Task objective: Starting at the line below that contains "Read The Celebrity" and ending at the line that contains "Karloff Vodka 1.125L", retype each line exactly as it stands, but omit the pictures.

Data to use:
========

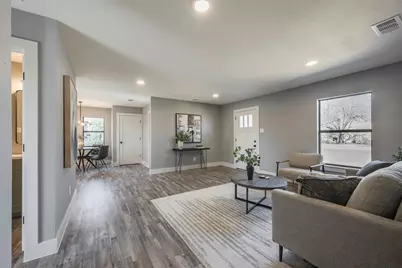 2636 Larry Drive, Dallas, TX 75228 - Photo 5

========

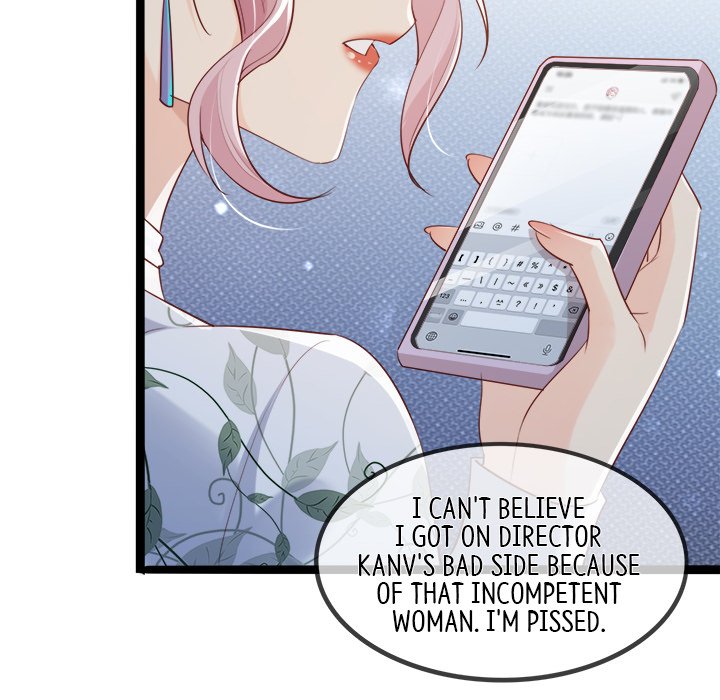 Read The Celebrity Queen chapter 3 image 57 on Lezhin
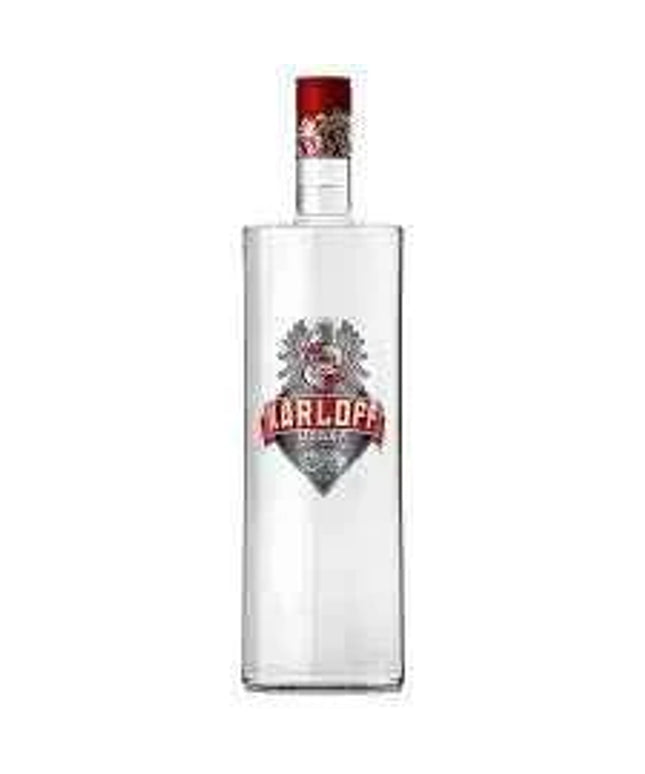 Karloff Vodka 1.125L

========

Response box:
 Read The Celebrity Queen chapter 3 image 57 on Lezhin
 Karloff Vodka 1.125L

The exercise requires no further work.